Work to complete:
Your output must be the lines below from the line containing "Mercedes-Benz E 200" to the line containing "Presidential Palace, Phnom Penh", both lines included, reproduced exactly and without pictures.

Data supplied:
========

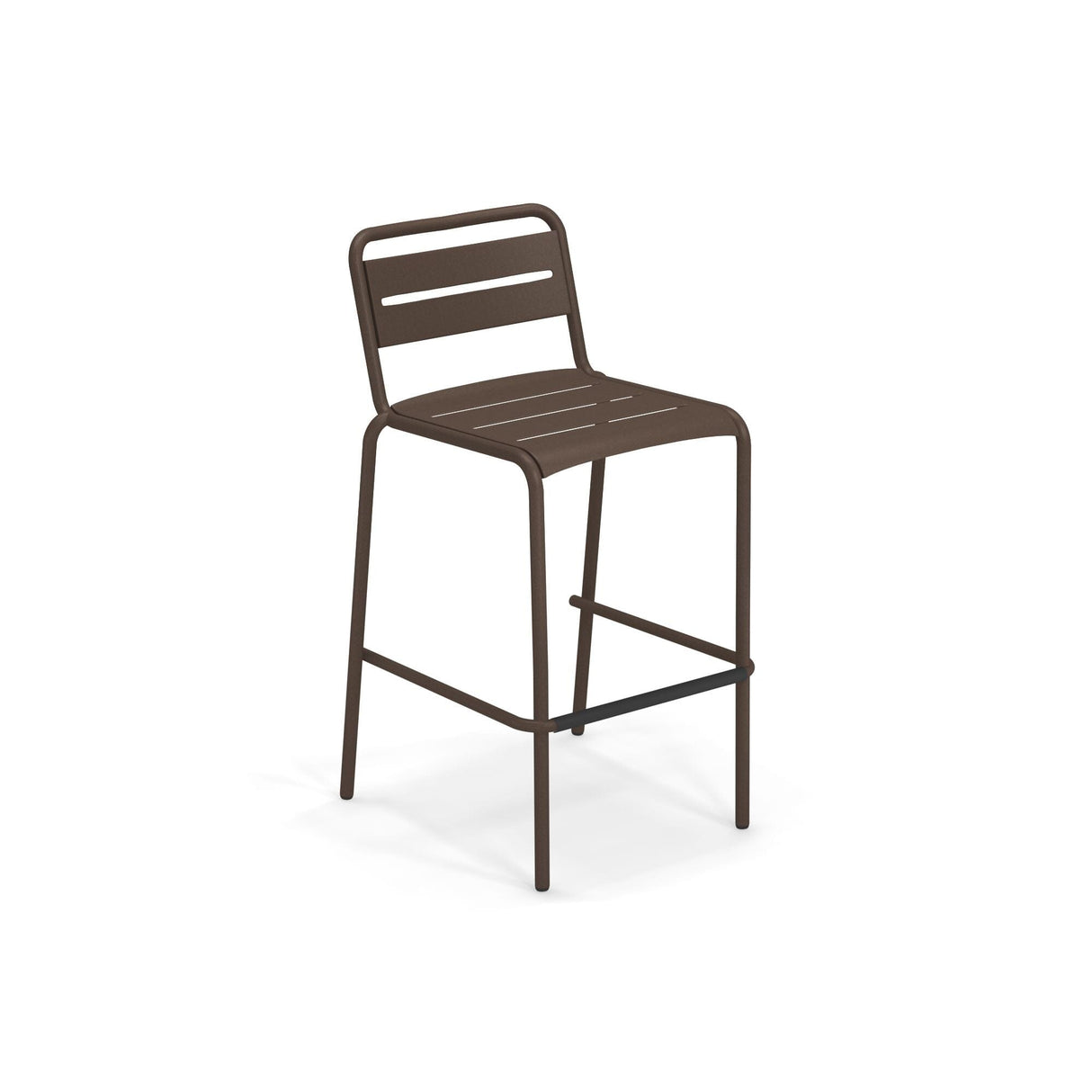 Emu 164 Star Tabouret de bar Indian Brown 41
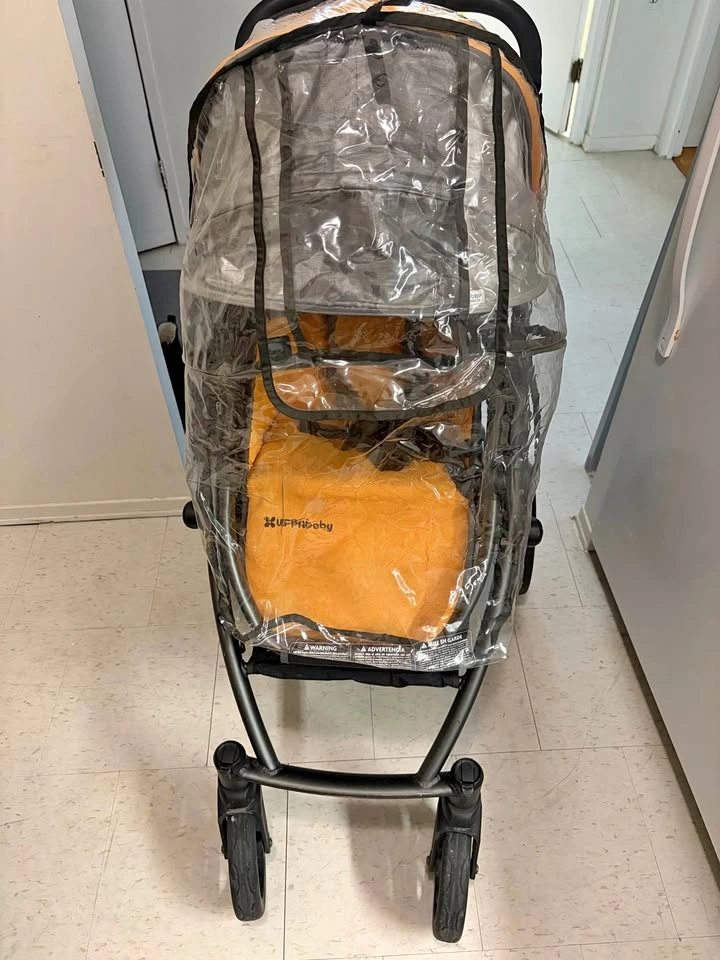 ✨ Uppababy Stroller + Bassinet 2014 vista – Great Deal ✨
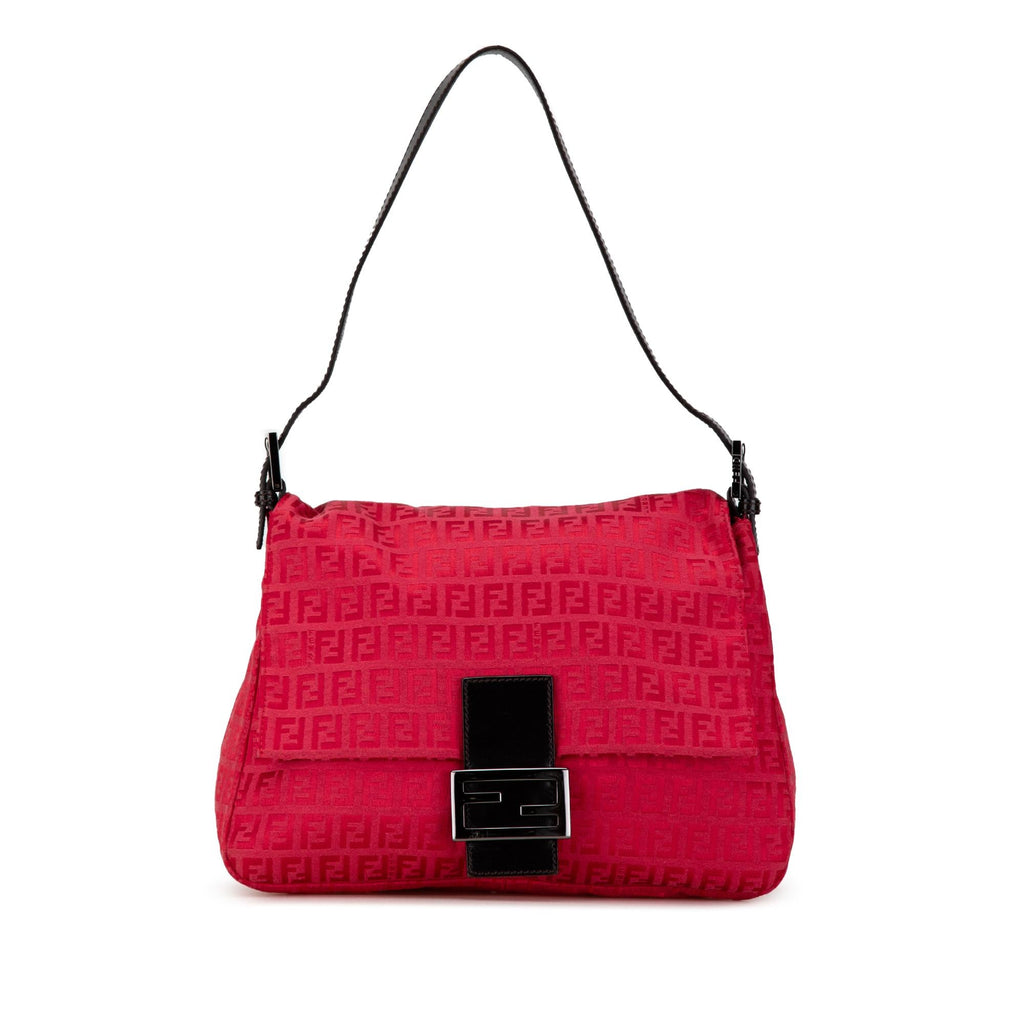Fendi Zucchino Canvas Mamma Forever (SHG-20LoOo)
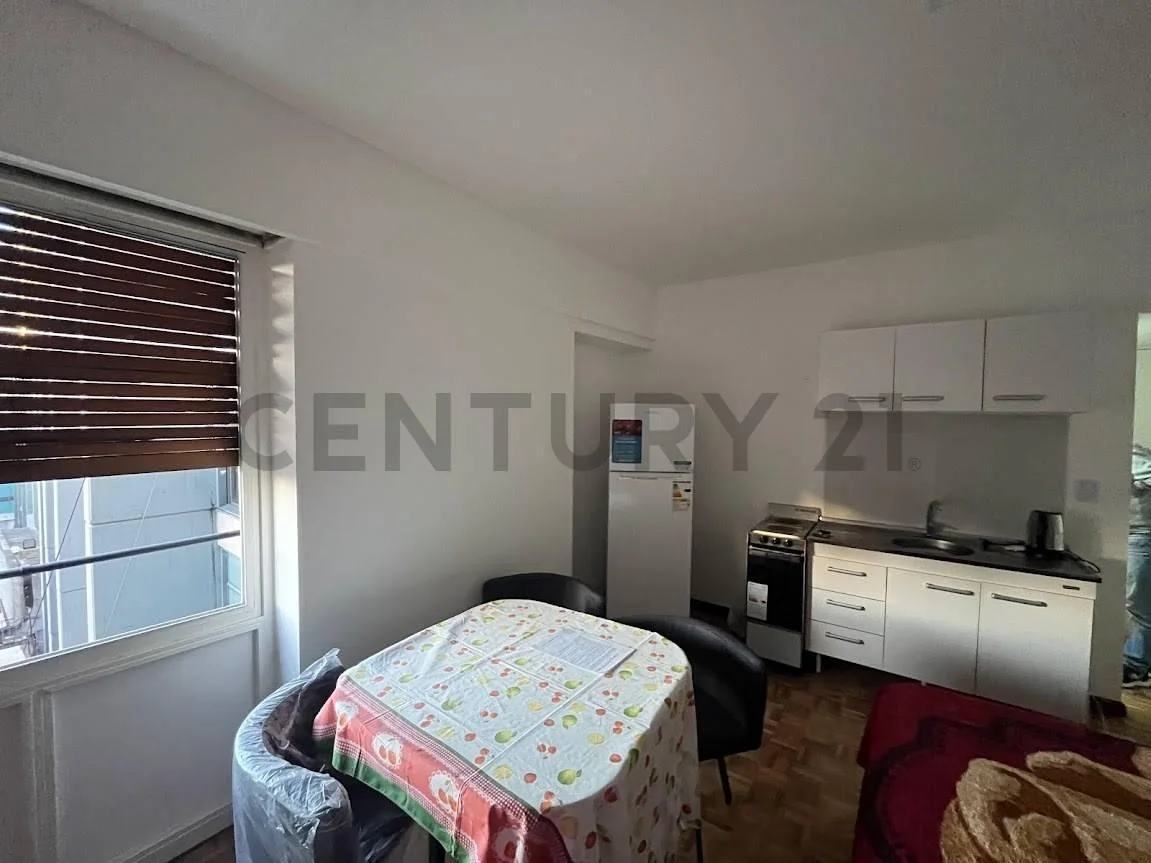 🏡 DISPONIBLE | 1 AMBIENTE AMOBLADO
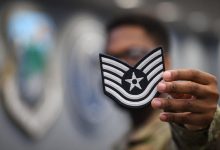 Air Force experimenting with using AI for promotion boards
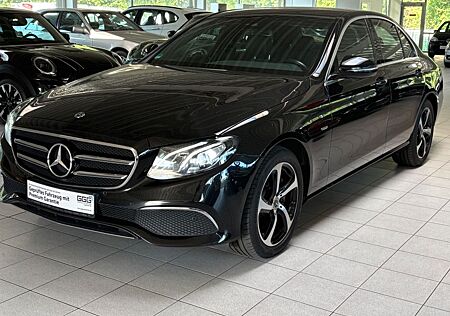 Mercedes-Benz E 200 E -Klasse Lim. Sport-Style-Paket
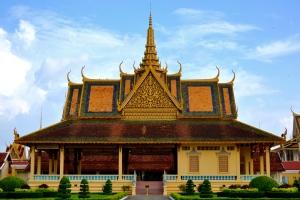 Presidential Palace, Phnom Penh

========

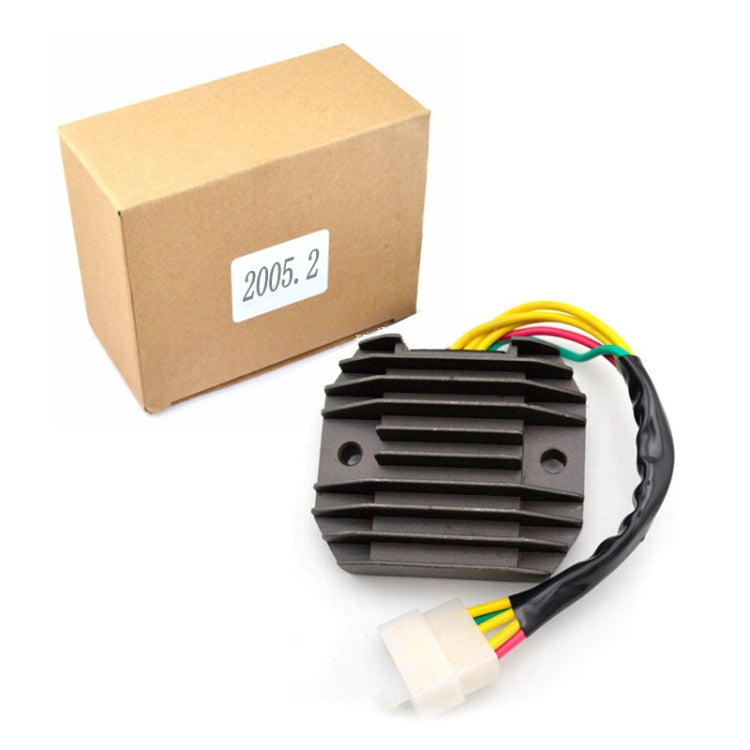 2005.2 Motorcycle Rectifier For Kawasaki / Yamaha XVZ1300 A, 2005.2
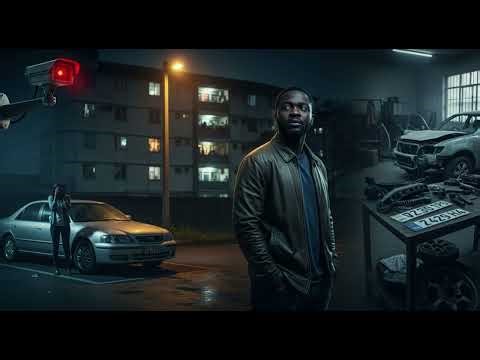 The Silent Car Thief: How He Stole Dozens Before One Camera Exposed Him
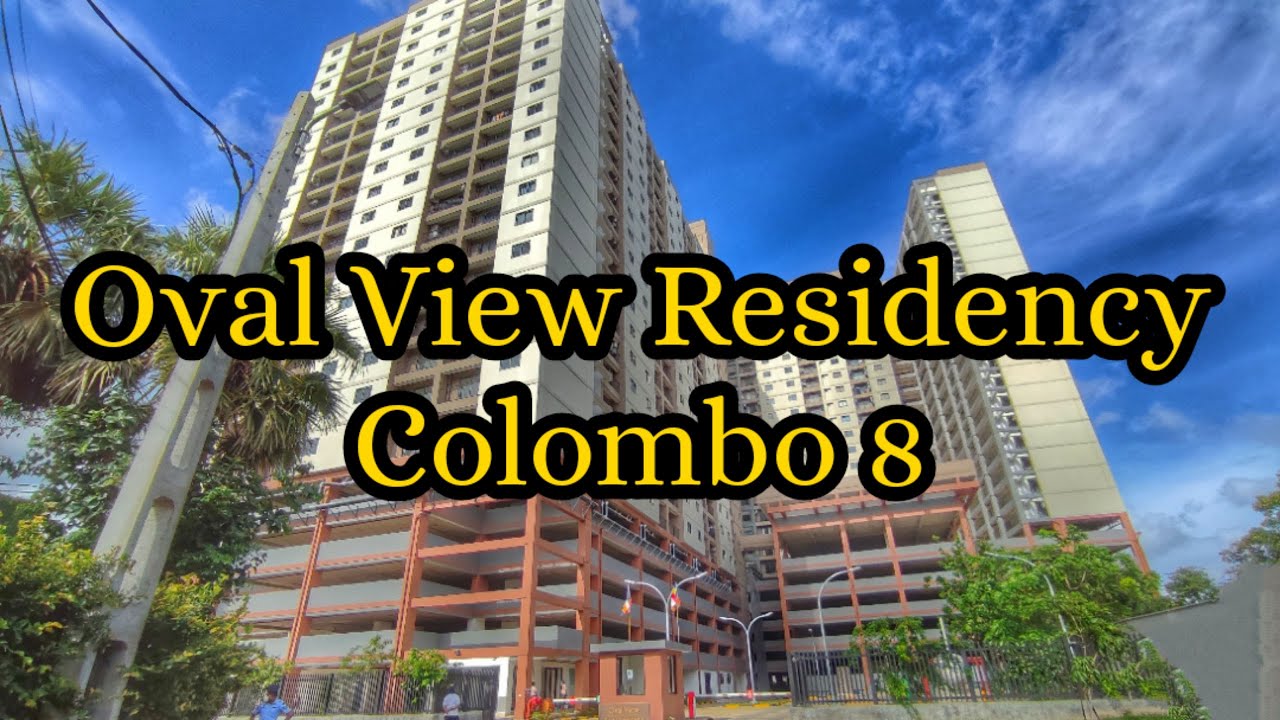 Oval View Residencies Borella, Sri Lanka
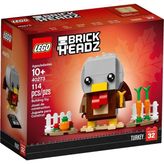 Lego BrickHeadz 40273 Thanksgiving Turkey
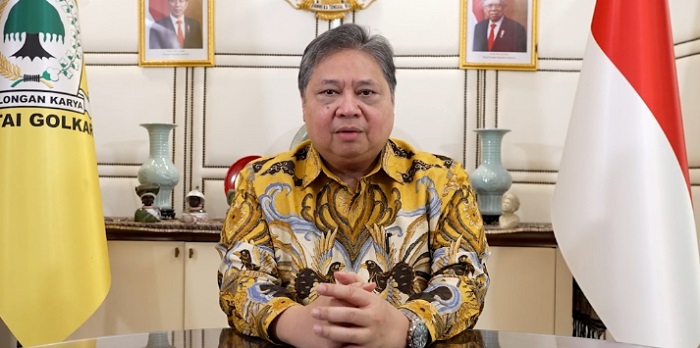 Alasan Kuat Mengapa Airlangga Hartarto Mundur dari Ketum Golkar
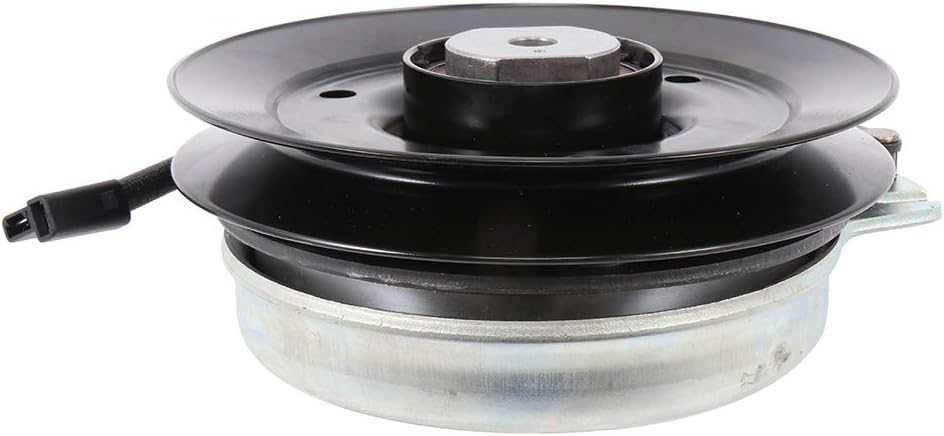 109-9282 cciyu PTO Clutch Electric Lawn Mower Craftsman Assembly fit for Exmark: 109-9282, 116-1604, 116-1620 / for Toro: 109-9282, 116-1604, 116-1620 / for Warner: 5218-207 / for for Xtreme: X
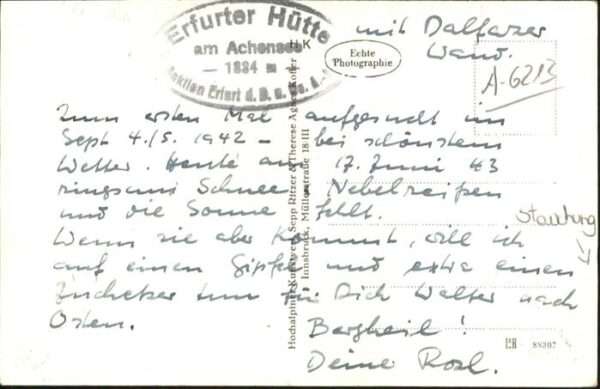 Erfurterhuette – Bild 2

========

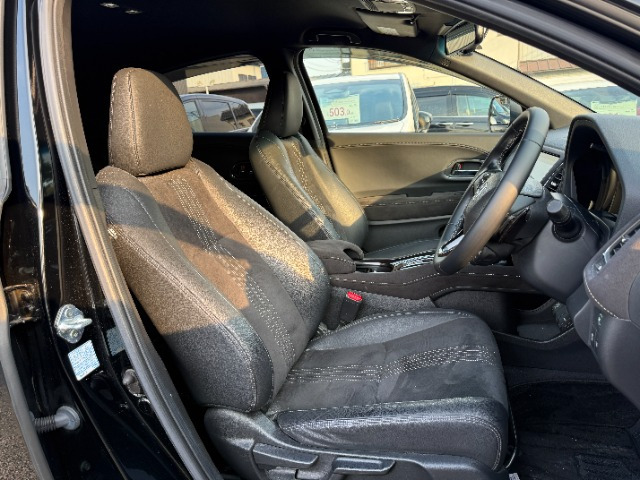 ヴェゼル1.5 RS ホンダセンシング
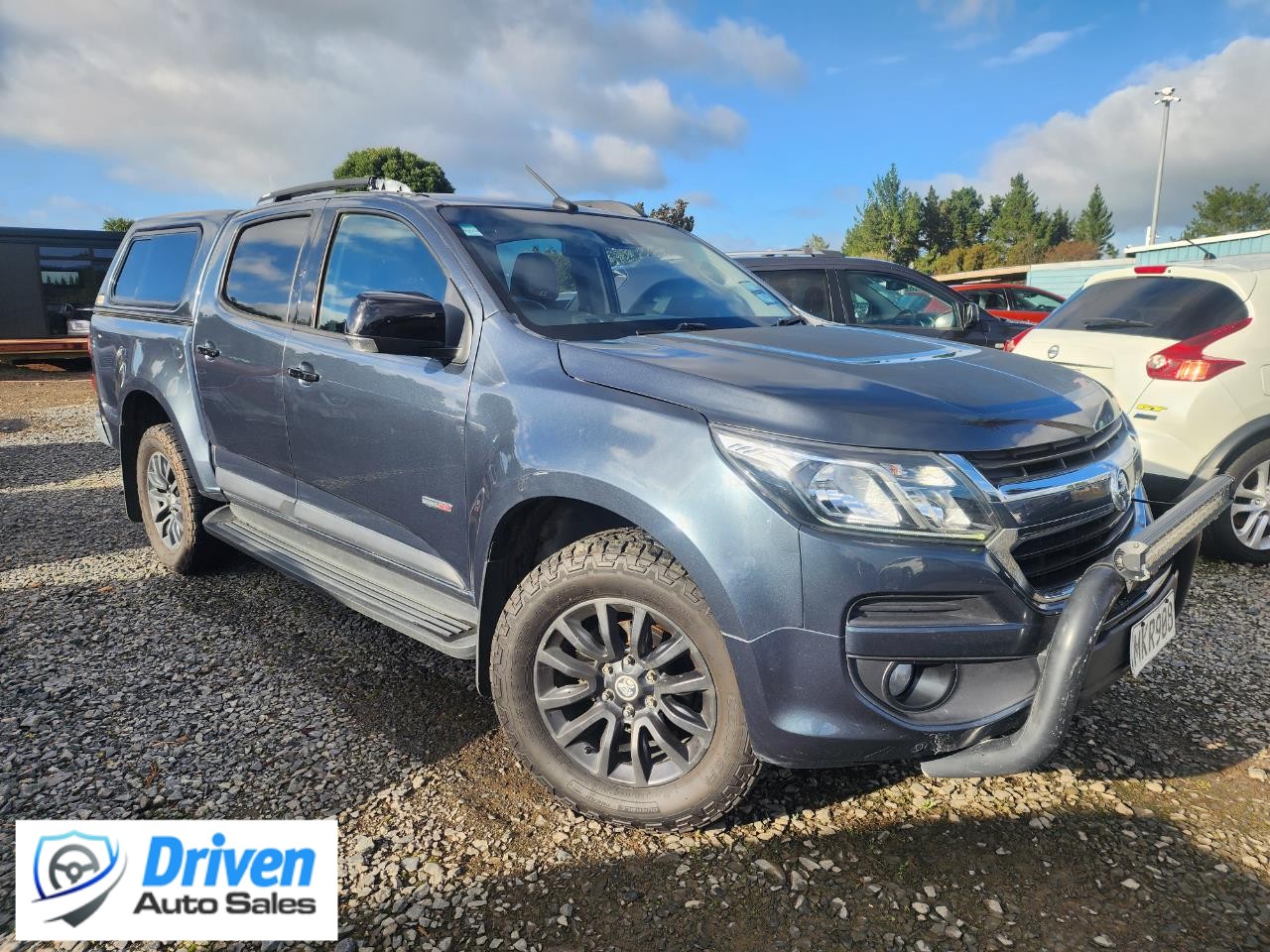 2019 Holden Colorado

========

Output of the task:
 Mercedes-Benz E 200 E -Klasse Lim. Sport-Style-Paket
 Presidential Palace, Phnom Penh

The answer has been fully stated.